Received: May 11, 2018; Published: May 22, 2018
Esophageal perforation is a potential life-threatening condition; carries with it a high morbidity and mortality rate if not treat these patients appropriately and aggressively. Many factors, e.g. patients’ condition, etiologies, any underlying esophageal disorders, site and size of perforation, duration of onset, degree of contamination, availability of expertise, can influence the choice of management and outcome. Therefore, it is stressed that the treatment plan should be tailor-made instead of dogmatic. It remains challenging to have timely diagnosis making and offers appropriate treatment. Prompt multi-disciplinary teams’ input is required to improve treatment outcome.

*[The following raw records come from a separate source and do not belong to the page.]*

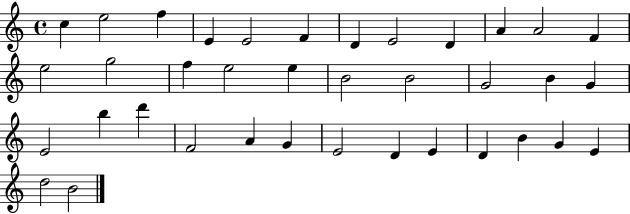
{
  \clef treble
  \time 4/4
  \defaultTimeSignature
  \key c \major
  c''4 e''2 f''4 | e'4 e'2 f'4 | d'4 e'2 d'4 | a'4 a'2 f'4 | \break e''2 g''2 | f''4 e''2 e''4 | b'2 b'2 | g'2 b'4 g'4 | \break e'2 b''4 d'''4 | f'2 a'4 g'4 | e'2 d'4 e'4 | d'4 b'4 g'4 e'4 | \break d''2 b'2 | \bar "|."
}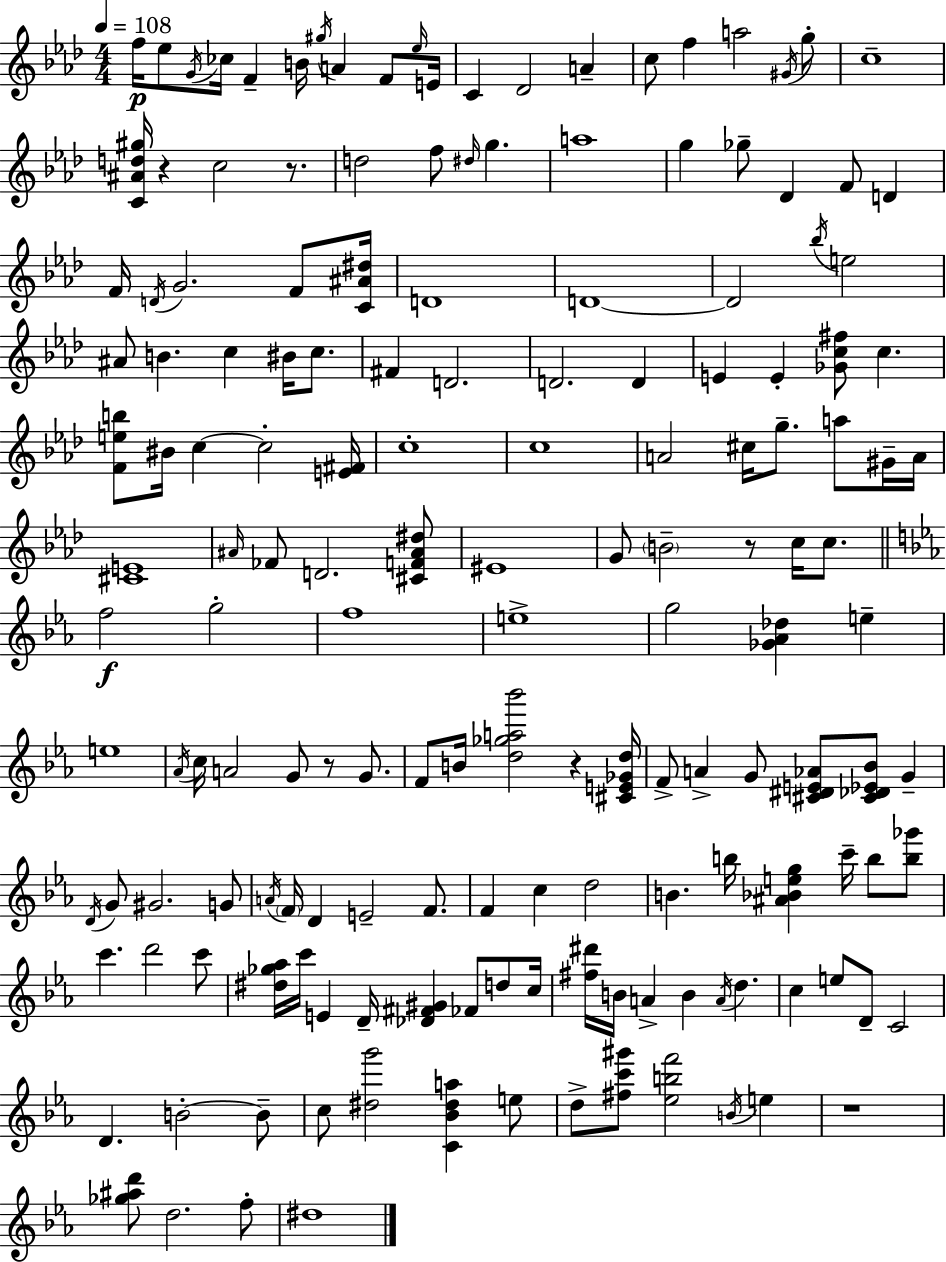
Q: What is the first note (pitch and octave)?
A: F5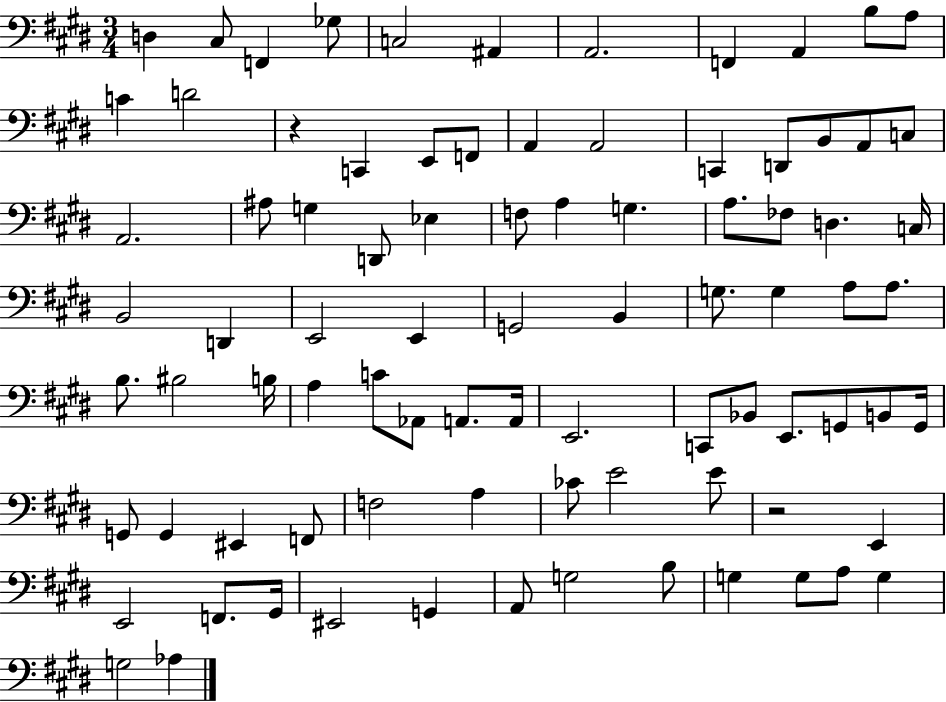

Esophageal perforation is uncommon. Majority of surgical centers encounter only a few cases of esophageal perforation cases annually [1-3]. At the same time, the outcome may be devastating. The overall mortality rate is around 20-30% [1-6]. In this study, we aimed to review our own center’s esophageal perforation cases. The patients’ demographics, etiologies, onset of symptoms, site and size of perforation, treatment methods, and factors that predict the clinical outcomes of our patients were studied.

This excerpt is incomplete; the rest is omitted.